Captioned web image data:
------

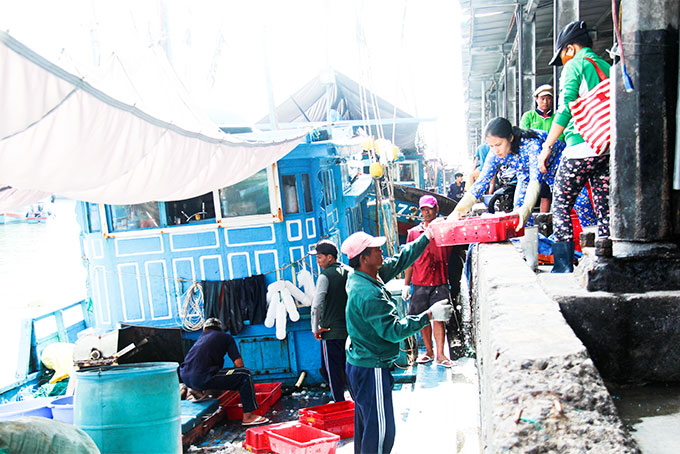 Tàu cá vi phạm vùng biển nước ngoài đã giảm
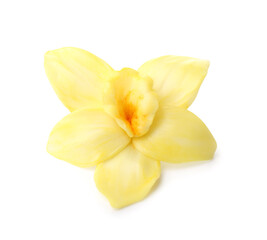 Beautiful vanilla flower on white background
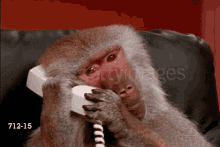 monkey-phone-call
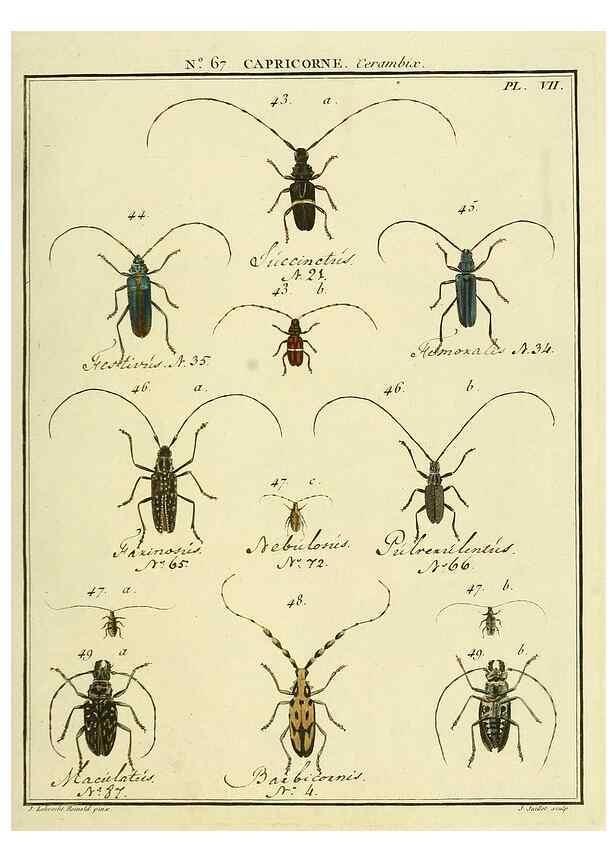 Reproducción/Reproduction 35732814941: Entomologie, ou, Histoire naturelle des insectes :. A Paris :De l'Imprimerie de Baudoin,1789-1808.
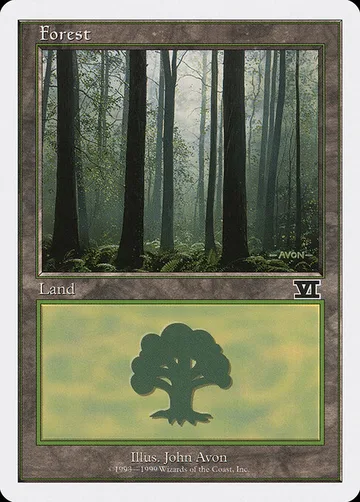 Forest 106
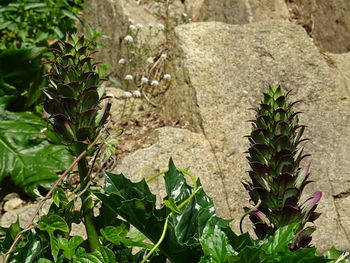 High angle view of plants growing on field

------

Exercise aim: Every entry above is to be copied verbatim, with the pictures removed.

The answer:
 Tàu cá vi phạm vùng biển nước ngoài đã giảm
 Beautiful vanilla flower on white background
 monkey-phone-call
 Reproducción/Reproduction 35732814941: Entomologie, ou, Histoire naturelle des insectes :. A Paris :De l'Imprimerie de Baudoin,1789-1808.
 Forest 106
 High angle view of plants growing on field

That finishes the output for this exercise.